Problem requirements:
Set down, exactly and only, everything from the line containing "Room & Bedroom" down to the line containing "Мужская slim-футболка Космонавт" in the data below; the pictures are not part of the copy.

Supplied entries:
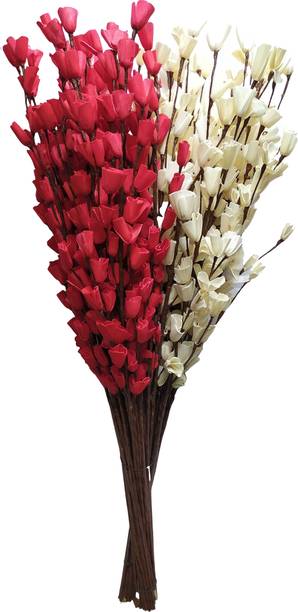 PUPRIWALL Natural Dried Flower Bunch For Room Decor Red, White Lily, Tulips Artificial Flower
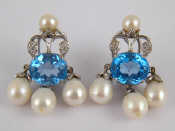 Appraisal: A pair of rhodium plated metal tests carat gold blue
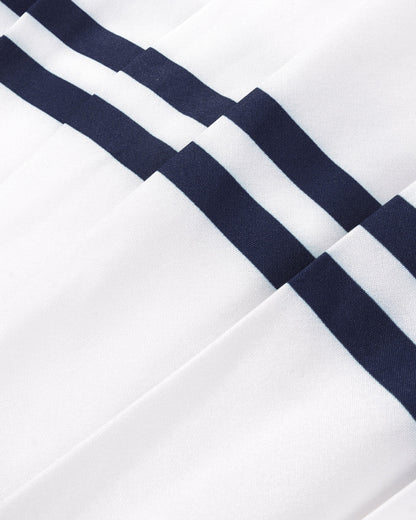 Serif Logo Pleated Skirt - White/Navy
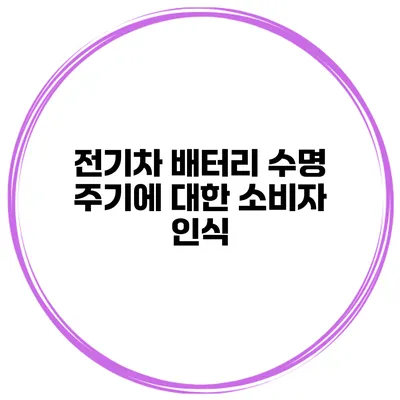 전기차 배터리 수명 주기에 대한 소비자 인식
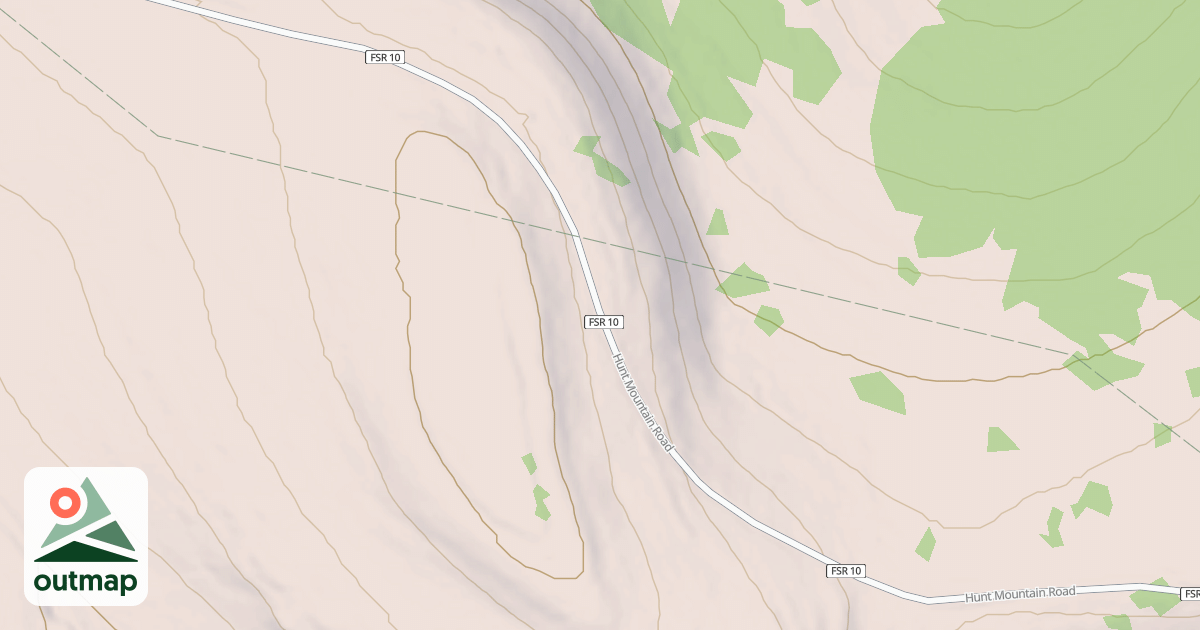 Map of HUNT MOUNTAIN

==

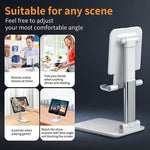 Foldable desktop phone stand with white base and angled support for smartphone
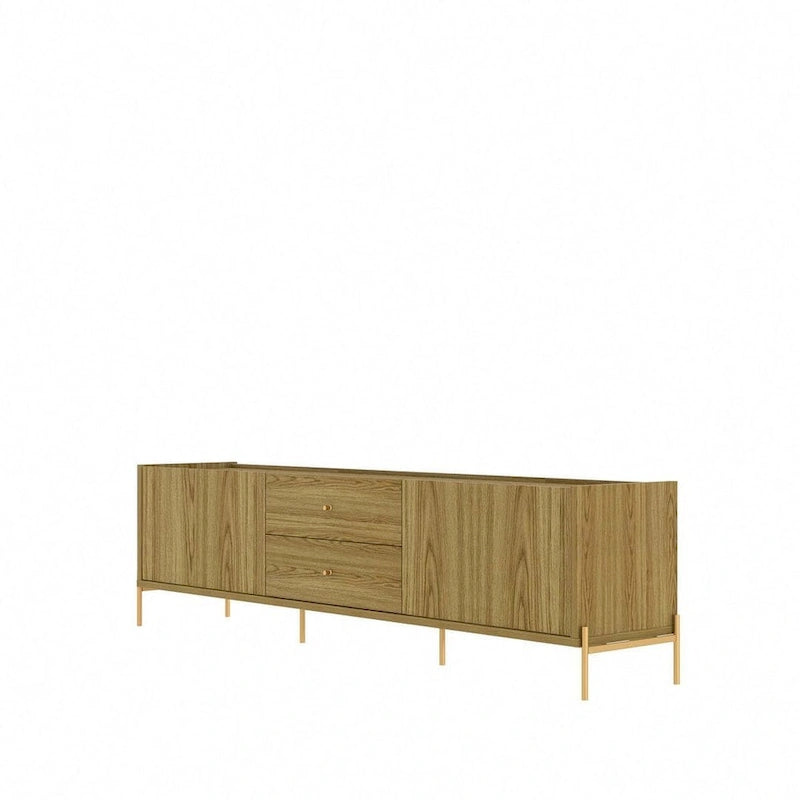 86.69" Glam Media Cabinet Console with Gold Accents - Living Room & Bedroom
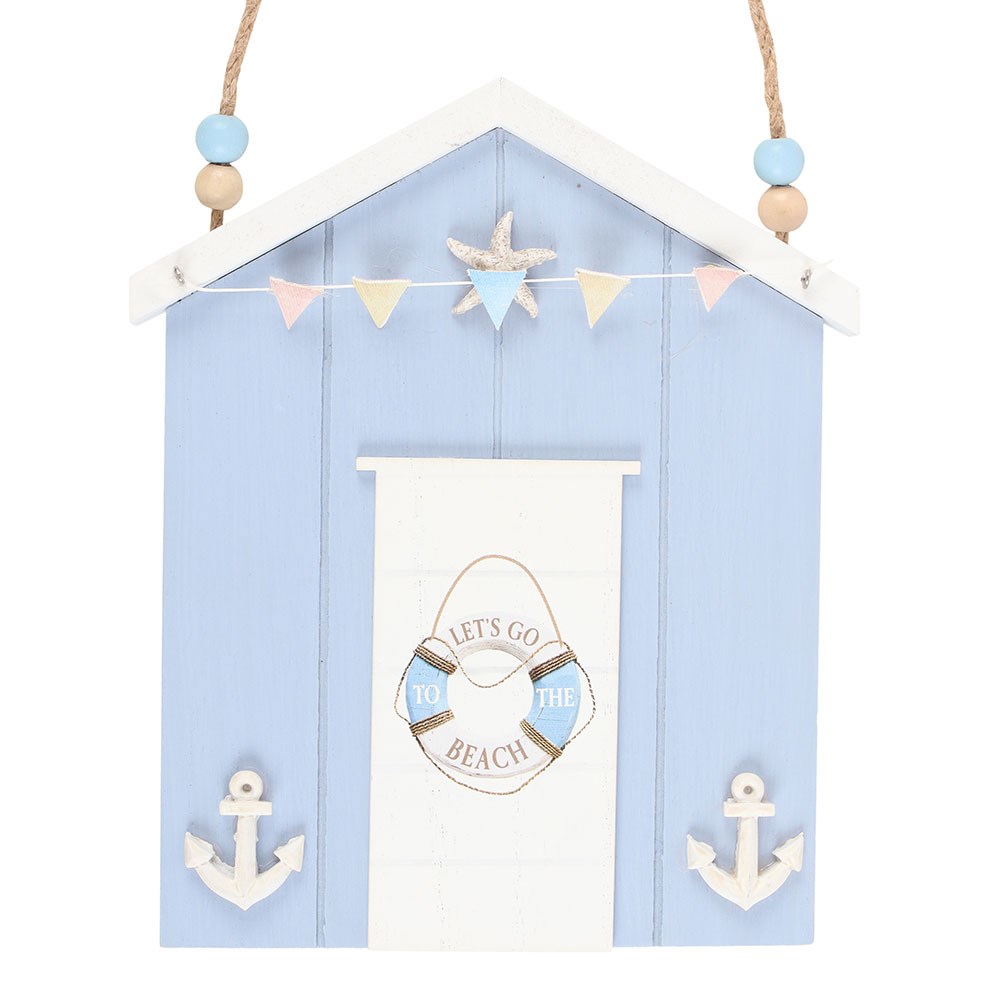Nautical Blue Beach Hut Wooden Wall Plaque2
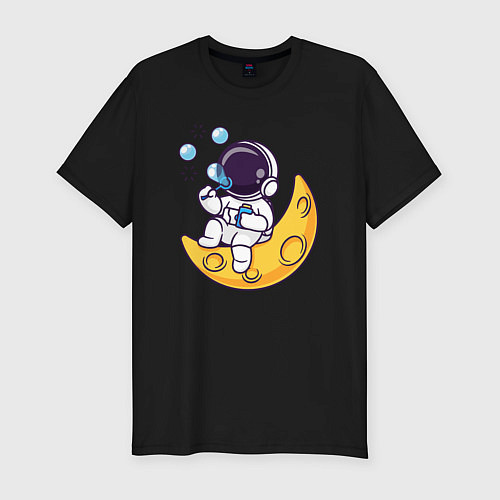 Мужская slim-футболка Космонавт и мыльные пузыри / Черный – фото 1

Answer to the exercise:
 86.69" Glam Media Cabinet Console with Gold Accents - Living Room & Bedroom
Nautical Blue Beach Hut Wooden Wall Plaque2
 Мужская slim-футболка Космонавт и мыльные пузыри / Черный – фото 1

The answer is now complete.